The current Olympiastadion was originally built for the 1936 Summer Olympics in the southern part of the Reichssportfeld (today Olympiapark Berlin). During World War II, the area suffered little damage. After the war, the British military occupation used the northern part of the Reichssportfeld as its headquarters until 1949. From 1951 to 2005, the Olympischer Platz had a giant antenna transmitting for all the portable radios in Berlin. Aside from its use as an Olympic stadium, the Olympiastadion has a strong footballing tradition. Historically, it is the ground of club Hertha BSC since 1963. It was also used for 3 matches in the 1974 FIFA World Cup. It hosted six matches, including the final, in the 2006 FIFA World Cup and was renovated for that reason. Since 1985, the German Cup final match is held each year at the Olympiastadion.

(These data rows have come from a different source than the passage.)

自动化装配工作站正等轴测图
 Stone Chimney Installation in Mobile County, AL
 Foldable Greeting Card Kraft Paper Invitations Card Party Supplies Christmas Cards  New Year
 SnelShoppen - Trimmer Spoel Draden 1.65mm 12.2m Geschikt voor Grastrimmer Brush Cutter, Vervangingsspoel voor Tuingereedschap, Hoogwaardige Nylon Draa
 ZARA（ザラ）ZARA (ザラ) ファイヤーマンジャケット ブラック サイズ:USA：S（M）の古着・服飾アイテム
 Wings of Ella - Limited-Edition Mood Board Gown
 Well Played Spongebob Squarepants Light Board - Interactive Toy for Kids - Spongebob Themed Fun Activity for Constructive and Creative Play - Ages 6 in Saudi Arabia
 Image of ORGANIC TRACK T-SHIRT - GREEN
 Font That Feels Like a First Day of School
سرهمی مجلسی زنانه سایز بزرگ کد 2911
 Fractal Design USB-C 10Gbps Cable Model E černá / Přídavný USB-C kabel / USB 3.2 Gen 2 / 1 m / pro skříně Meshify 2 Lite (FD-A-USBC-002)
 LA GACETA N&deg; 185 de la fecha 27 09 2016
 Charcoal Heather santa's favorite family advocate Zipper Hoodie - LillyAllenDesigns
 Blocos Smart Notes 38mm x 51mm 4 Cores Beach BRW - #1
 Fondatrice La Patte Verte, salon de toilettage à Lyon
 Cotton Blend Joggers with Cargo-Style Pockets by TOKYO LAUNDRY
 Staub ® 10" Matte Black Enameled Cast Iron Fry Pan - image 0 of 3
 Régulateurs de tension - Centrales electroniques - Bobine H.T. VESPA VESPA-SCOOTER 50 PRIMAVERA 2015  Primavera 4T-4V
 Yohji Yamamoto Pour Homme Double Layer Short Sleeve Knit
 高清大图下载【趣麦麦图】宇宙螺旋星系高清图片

This was the eighth European Cup/UEFA Champions League final for both Juventus and Barcelona. Juventus won two of their previous finals (1985, 1996) and lost five (1973, 1983, 1997, 1998, 2003), while Barcelona won four of their previous finals (1992, 2006, 2009, 2011) and lost three (1961, 1986, 1994). Barcelona also played in six Cup Winners' Cup finals (winning in 1979, 1982, 1989, 1997, and losing in 1969, 1991), while Juventus also played in one Cup Winners' Cup final (winning in 1984) and four UEFA Cup finals (winning in 1977, 1990, 1993, and losing in 1995).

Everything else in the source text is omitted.